Огнекрай — просто окраина огромной Снежной, потому до их деревни мало кому было дело. Про них вспоминали, если случалось что-то из ряда вон выходящее, но чаще всего жизнь была относительно мирной. И не самой сытной. Скот в их краю не приживался, до столицы путь был неблизкий, потому единственной возможностью прокормиться была охота. Ни о каких кулинарных изысках и речи не было. Потому стоило им двоим только перебраться в столицу, где не было дефицита еды…

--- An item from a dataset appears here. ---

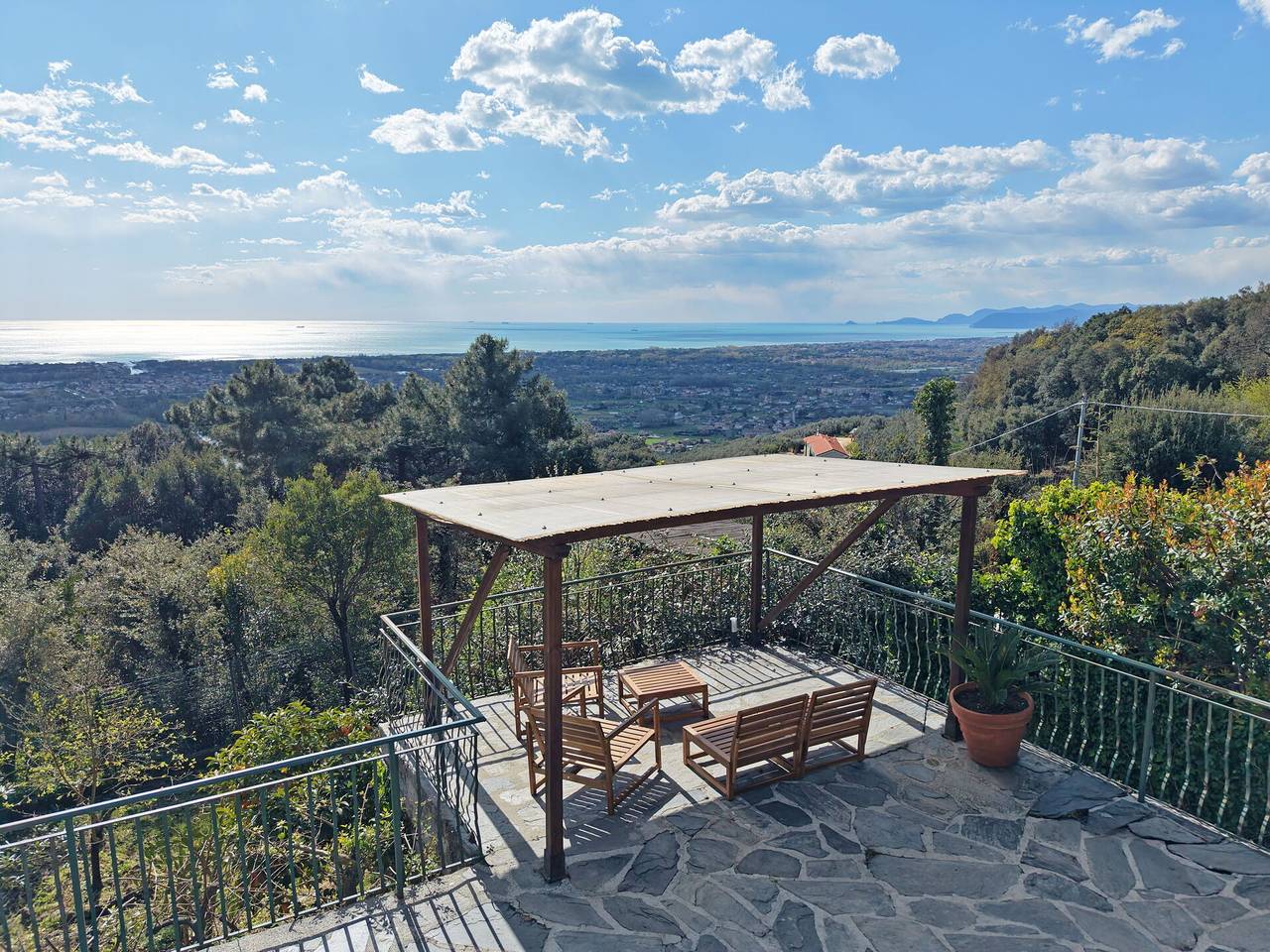 Villa Il Giardino in Strettoia, Pietrasanta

У первой банки варёной сгущёнки, съеденной лишь ими двумя, да прямо так, ложками, был вкус утраченного безвозвратного детства. Пусть Клара с Владом забавлялись, дразнясь тем, что сразу видно — деревенщины, ни Станиславе, ни Андрею не было до этого дела, и они даже впервые за всю жизнь сошлись на едином мнении — столичные мажоры просто не осознают своего счастья.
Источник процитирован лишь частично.